WORK INSTRUCTIONS:
Give back every record below word for word, with the pictures omitted.

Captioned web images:
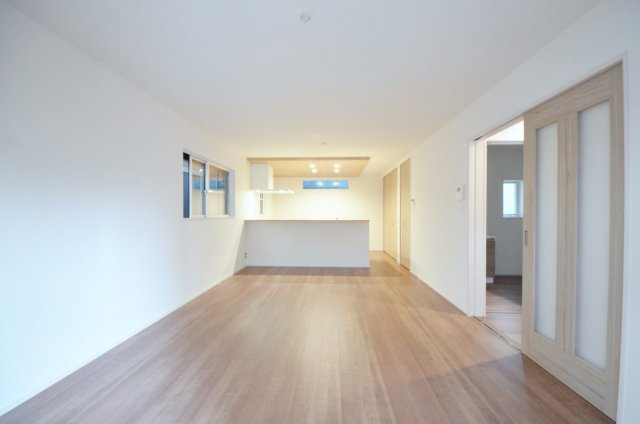 五日市中央六丁目の居間・リビング|南西向きの広く明るいリビング空間。オープンタイプの対面式キッチンでリビングが隅まで見渡せます。キッチンにいながら小さなお子様にも目が届き安心です。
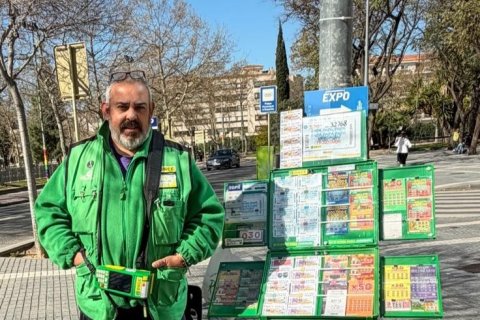 José Luis Álvarez, el vendedor de la ONCE que ha llevado la suerte a Cambrils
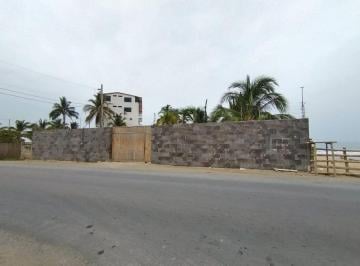Casa de 7 habitaciones, Portoviejo · Casa Comercial Frente Al Mar de Venta en Crucita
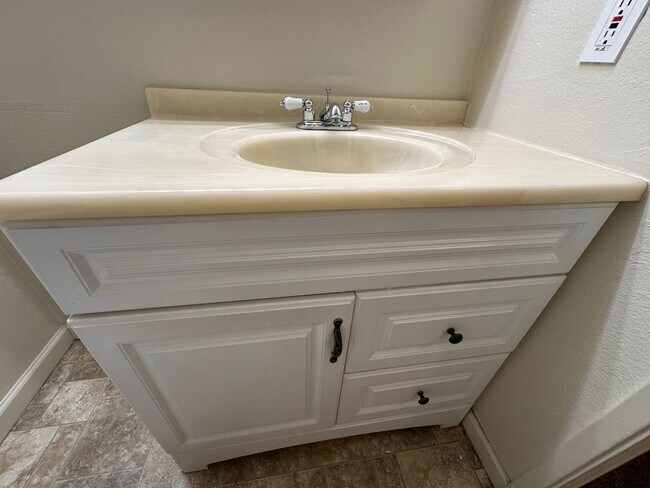 Building Photo - Cute and Cozy 1 Bedroom Condo in Gated Tim...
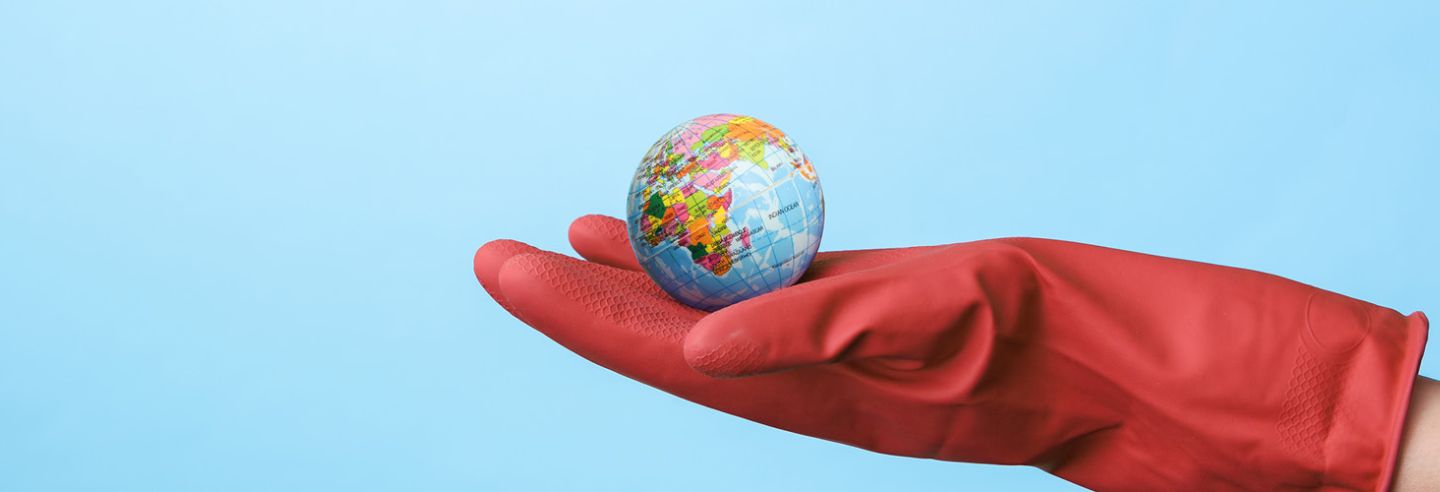 Kuishandschoen houdt wereldbol vast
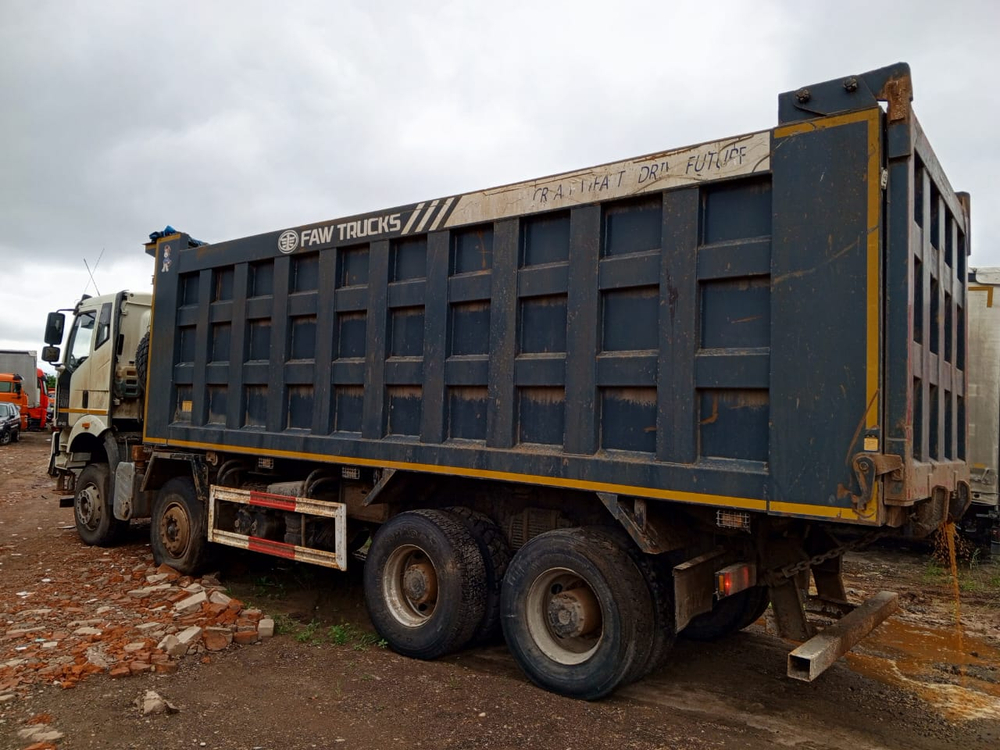 FAW J6 8x4 Самосвал CA3310P66K24T4E5 (Дизельный, 11,1 л, 420 л.с., МТ)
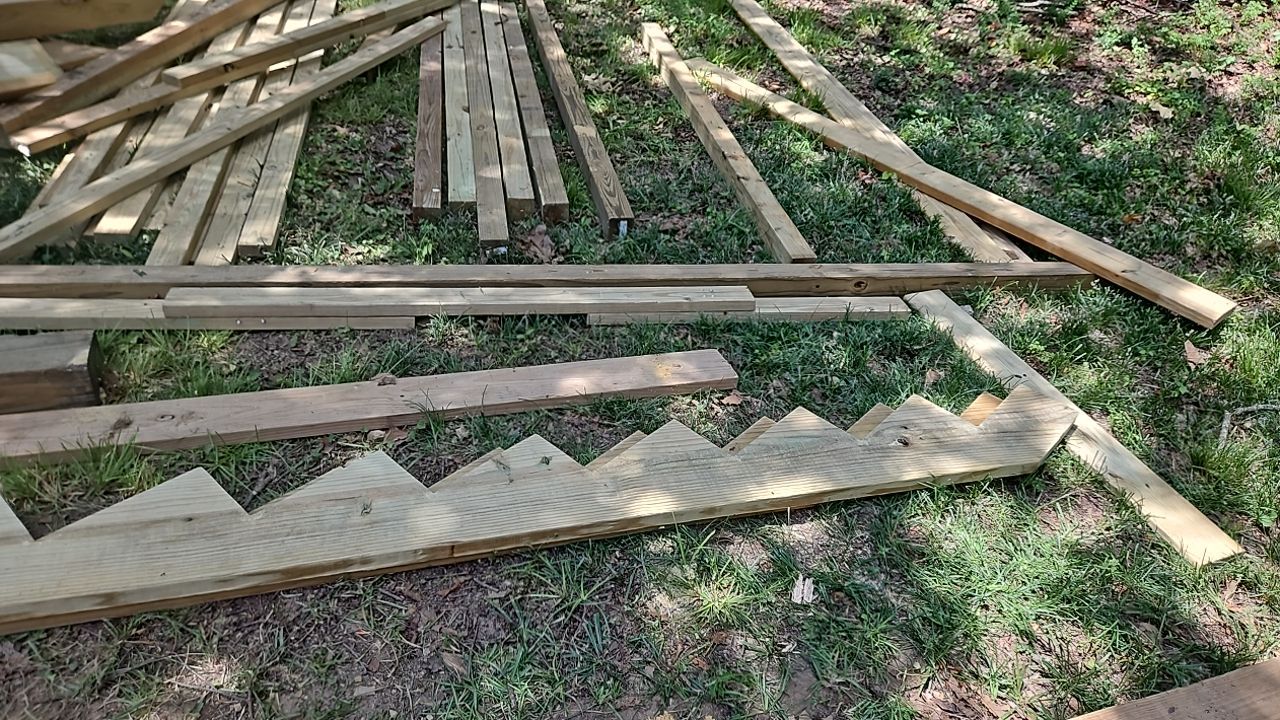 Russet Cove Circle - Deck Installation by Pillar and Pine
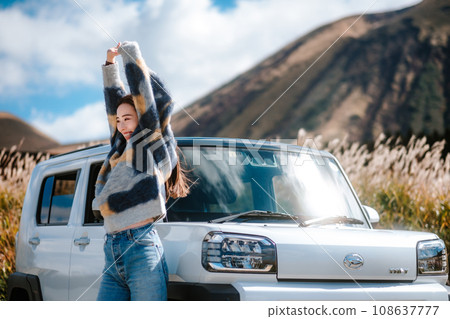 女性獨自駕車到戶外旅行 108637777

YOUR RESPONSE:
 五日市中央六丁目の居間・リビング|南西向きの広く明るいリビング空間。オープンタイプの対面式キッチンでリビングが隅まで見渡せます。キッチンにいながら小さなお子様にも目が届き安心です。
 José Luis Álvarez, el vendedor de la ONCE que ha llevado la suerte a Cambrils
Casa de 7 habitaciones, Portoviejo · Casa Comercial Frente Al Mar de Venta en Crucita
 Building Photo - Cute and Cozy 1 Bedroom Condo in Gated Tim...
 Kuishandschoen houdt wereldbol vast
 FAW J6 8x4 Самосвал CA3310P66K24T4E5 (Дизельный, 11,1 л, 420 л.с., МТ)
 Russet Cove Circle - Deck Installation by Pillar and Pine
 女性獨自駕車到戶外旅行 108637777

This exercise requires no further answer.